All sectors of the construction industry have a common challenge: finding a workforce. Oxford Economics expects the unemployment rate to be 4.4% and 4.3% at the end of 2025 and 2026, respectively. This is not much higher than the 4.1% at the end of 2024. Lower unemployment rates could lead to higher labor costs, mainly due to slower growth in the country's working-age population and aggressive immigration policies.
business confidence
For all business sectors, money and labor are not the only factors of production that are on the rise.
“The real problem is that global prices have increased significantly in recent years,” Bass said. “Construction materials are more expensive. And, of course, there are tariffs on items like steel, aluminum and copper.”
It's no wonder, then, that many business owners consider high business costs a top priority.
“Going into 2026, the biggest concern for companies is profit margins,” Bass said. “Many carriers are simultaneously experiencing a decline in demand and an increase in the cost of providing their services.”
Given all the business concerns, it's no wonder so many projects are being put on hold.
“It's difficult to cut costs when materials and labor costs are soaring,” Bass says. “Too often the pro forma is not clear. Many companies are not expanding and are trying to cut last-minute spending. They are focused on preserving cash flow by delaying hiring and are less aggressive about leasing or purchasing equipment, especially equipment that is sensitive to tariff prices.”
This common business hesitation is reflected in the numbers.
“We expect business investment to increase by only 1.6% in 2026, after increasing by 3% in 2025 and 3.6% in 2024,” Jarosz said.
Looking to the future
As we enter the first few months of 2026, economists suggest keeping an eye on the following key economic indicators to get an idea of how this year will turn out.

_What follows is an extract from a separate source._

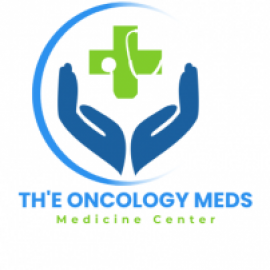 Profile picture of theoncologymeds@ccmail.uk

1. Employment: “We're going to pay close attention to the unemployment rate,” Jarosz said. An unexpected drop in jobs could spur interest rate cuts as the Fed looks to strengthen economic expansion.
2. Consumer spending: “How's it going for consumers?'' Bus posing. “Keep in mind that many low- and moderate-income people are experiencing financial strain. Credit card, mortgage, and loan debt and delinquency are on the rise.”
3. Inflation: “How are consumers doing?” Bus poses. “Keep in mind that many low- and moderate-income people are experiencing financial strain. Credit card, mortgage, and loan debt and delinquency are on the rise.”
Oxford Economics still expects the country to avoid recession, and the projected 2% GDP growth rate is right around what economists define as the country's “natural growth rate” – the level that supports business activity, maintains full employment and avoids triggering inflation.
But perhaps even more important is a lesser-known threat to productivity.
“Right now, it's this country's low population growth rate that permeates throughout the economy,” Connally said. “The Trump administration's policies have reduced immigration. The next generation entering the workforce is about the same size as the boomers retiring, so there will be no net addition to the workforce.”
In response to this trend, companies will look for ways to maximize labor profits by increasing output per worker, Connally said. “In 2026, the focus of companies will not be on giving people a hard time, but on improving productivity by giving them better tools, better training, and better first-level managers.”